The five cumulative characteristics discussed above will be documented by as representative a selection of stateless societies as space and the uneven quality of ethnographies permit. These societies are the Kung Bushmen of southern Africa, the Siriono and the Nambikuara Indians of South America, the Murngin and the Tiwi of Australia, the Kwakiutl and other North American Indians, the Nuer of Sudan and the Turkana of Kenya, the Kalinga and the Ifugao of the Philippines, the Plateau Tonga of Zambia, and the Siane and the Star Mountain peoples of New Guinea. These include hunters and gatherers, and agricultural and pastoral peoples; they are patrilineal, matrilineal, and bilateral in descent; they are grouped in nomadic bands, settled villages, localized lineages, kindreds, and age organizations.
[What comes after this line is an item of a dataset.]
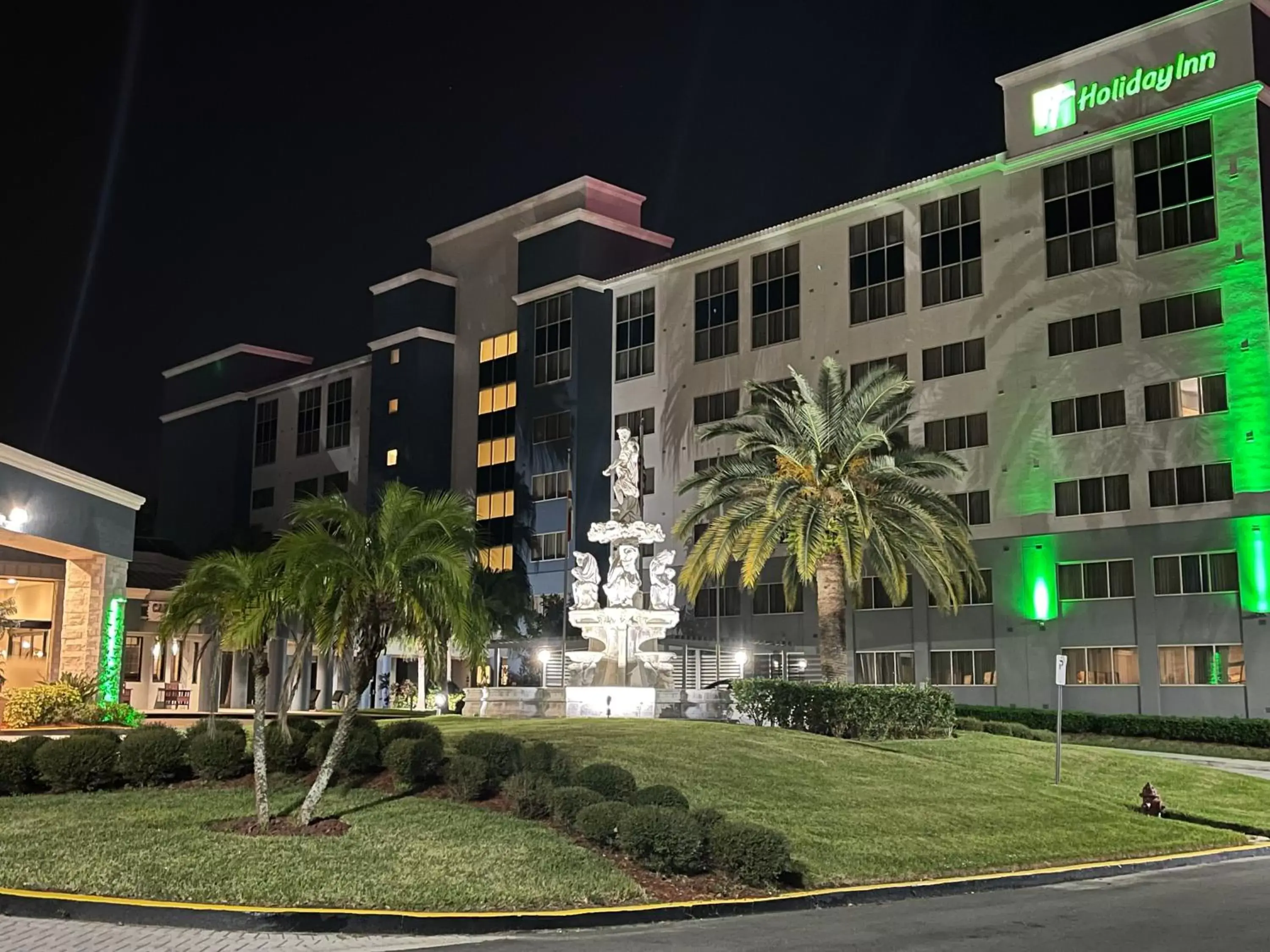 Property building in Holiday Inn Orlando International Dr-ICON by IHG Property building in Holiday Inn Orlando International Dr-ICON by IHG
It may give a misleading impression to describe any one level of grouping in a stateless society as the political community. But among hunters and gatherers the band is usually taken as such, in the sense of the largest continuously coactive group. It consists of only a few dozen or at the very most a few hundred individuals. But even in the band there often seem to be several alternative levels rather than a single unique level of grouping. Bands may combine or split seasonally; some may become extinct while new ones are formed; and it may be relatively easy for members to switch from one band to another. Bands may be exogamous or not, depending upon the relation between kinship structure and residence rules.
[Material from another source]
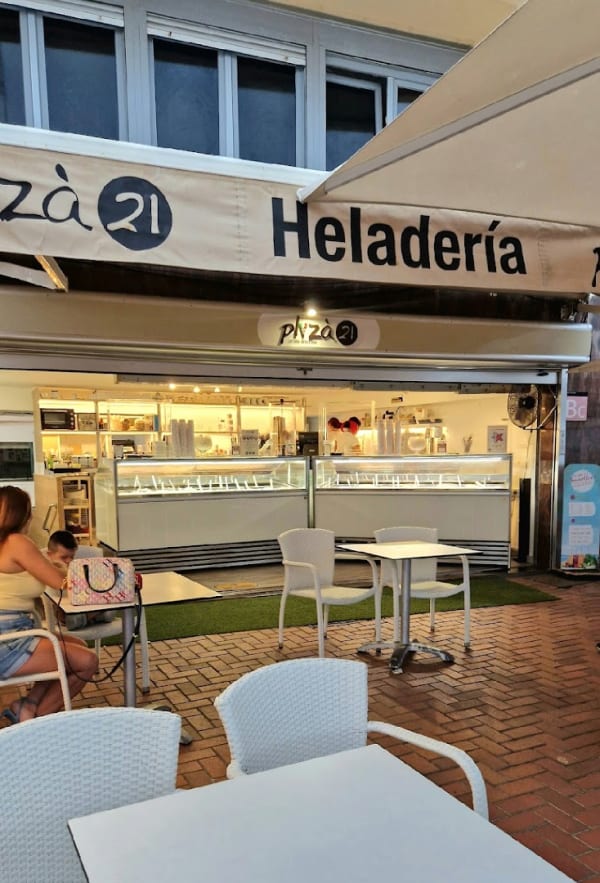Pliza 21 Canteras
There is considerable ambiguity as to the existence of tribal groupings in which bands are found. Rather than accept the idea that there is an unequivocal tribal identity, I would insist that it is of the essence of the stateless society that the widest sense of common identity should positively attach to different levels and differently based clusterings for different purposes and occasions. Tribal names may be the names of languages rather than of social groups, or they may have some general connotation such as “people” without precise limitation of reference. Frequently they are derived from popular misconceptions, geographical directions, or terms of abuse applied by hostile neighbors (Elkin  1954, pp. 25, 37). In fact, the dominant sense of identity and community properly pertains to different levels for different purposes and occasions because of the different spread and distribution of such relevant features as language, kinship systems, clan or age group names, myths of origin, and similar economies and ways of life. In the case of agricultural and pastoral peoples with large, dense populations, the potential number of relevant levels of identity is greater than for groups with small, sparse populations. There may be seemingly distinctive identities attaching to such names as Kung, Tiv, Gisu, Nath (Nuer), Kwakiutl, and so forth, but very often there are more and less inclusive categories that, on occasion, are more meaningful. Such meanings attach most strongly to nuclear zones, while peripheral to them there may be more significant cross-cutting classifications. A Tiv can prove he is a Tiv by genealogy although his genealogy includes non-Tiv peoples (Bohannan 1958, pp. 35-36). Northern and southern Aranda find one another’s systems incomprehensible (Lévi-Strauss  1963, p. 52).
The Kung bands recently studied by Marshall (1960) averaged twenty-five members, although earlier reports mentioned fifty to one hundred members. They are fluctuating groups of cognatic kin, displaying deep solidarity in joint exploitation of a harsh environment. There are no larger continuing or corporate groupings, but these bands are obviously not complete societies, for on the average each member has almost one-third of his nuclear kin in other bands. Affinal, agnatic, and cognatic links form multiple chains of interconnection from band to band. The number of personal names is limited, and all who possess the same one regard each other as kin and recognize associated obligations. Such categories of fictive kin run from band to band far beyond the range of any one individual’s acquaintance and form the bases of interband feasts and rituals when the opportunity arises.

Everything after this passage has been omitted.